··· LISTED ENTRIES ···
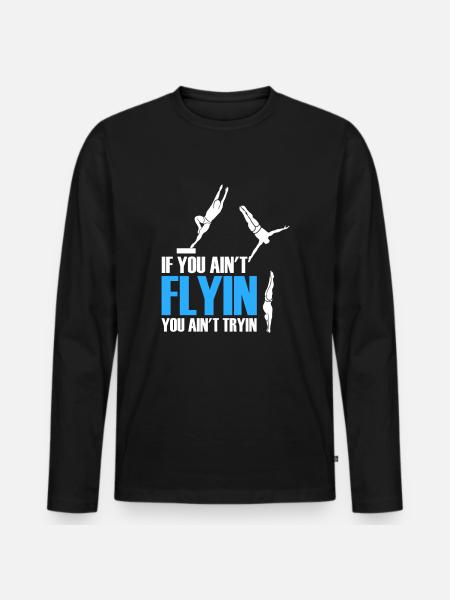 Diving Divers Lustig - Men's Premium Organic Long Sleeve Shirt - black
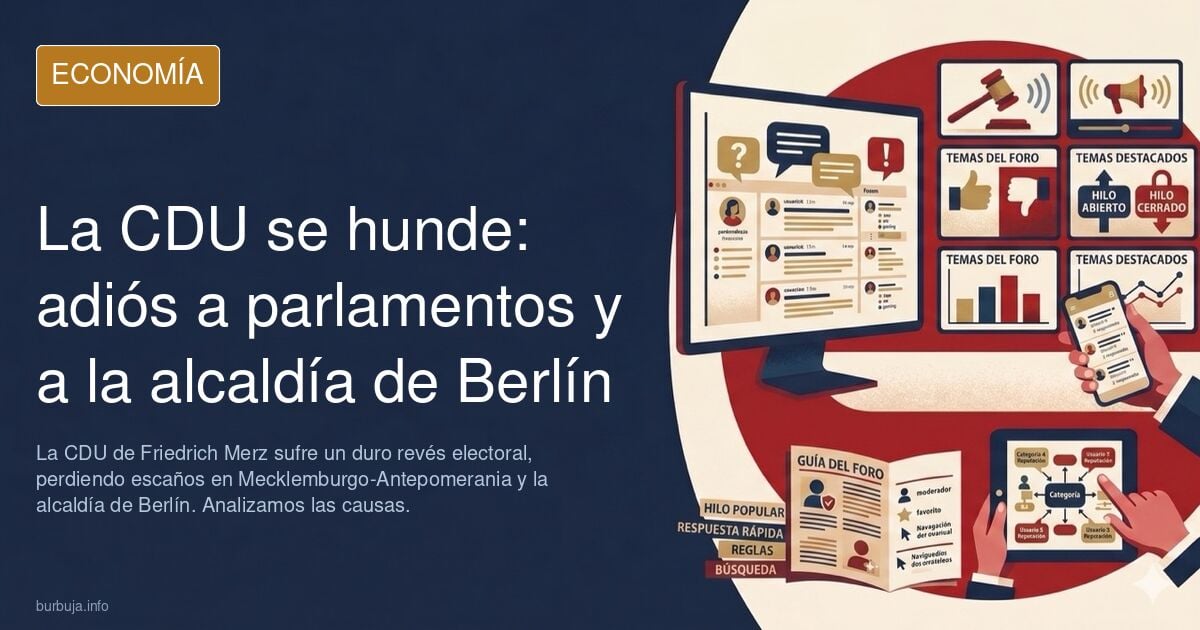 La democracia cristiana en su peor momento (cayó CIU, cayó ciudadanos y ahora la CDU)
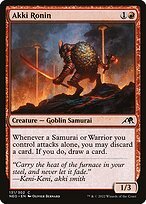Glossy Finish Kamigawa: Neon Dynasty Akki Ronin ( #131 )
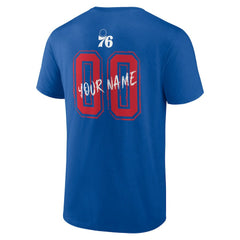 Philadelphia 76ers Hustle Custom T-Shirt Royal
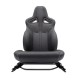 ELITE SPORTS SEAT (HEATED) PAIR BLACK LEATHER - BLACK STITCH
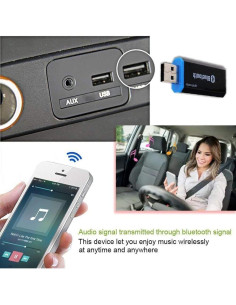 Adaptador Bluetooth YETOR TX9 Receptor de Audio Inalámbrico 2
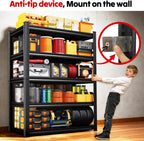 71.2*35.5 storage shelves, garage shelving,adjustable metal shelving unit, package contents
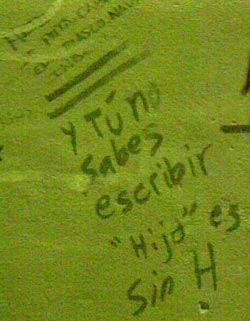 �Hijo es sin H!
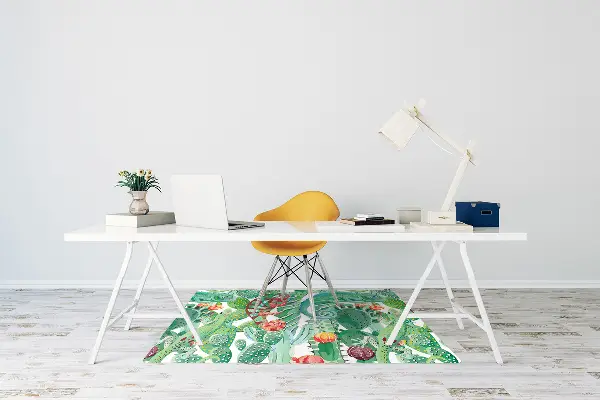 Tapis pour chaise de bureau Caméléons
···
» TO DO
Pictures excluded, print only the lines from the one with "ELITE SPORTS SEAT" through the end of the entries above, exactly as written.

» YOUR SOLUTION
 ELITE SPORTS SEAT (HEATED) PAIR BLACK LEATHER - BLACK STITCH
 Adaptador Bluetooth YETOR TX9 Receptor de Audio Inalámbrico 2
 71.2*35.5 storage shelves, garage shelving,adjustable metal shelving unit, package contents
 �Hijo es sin H!
 Tapis pour chaise de bureau Caméléons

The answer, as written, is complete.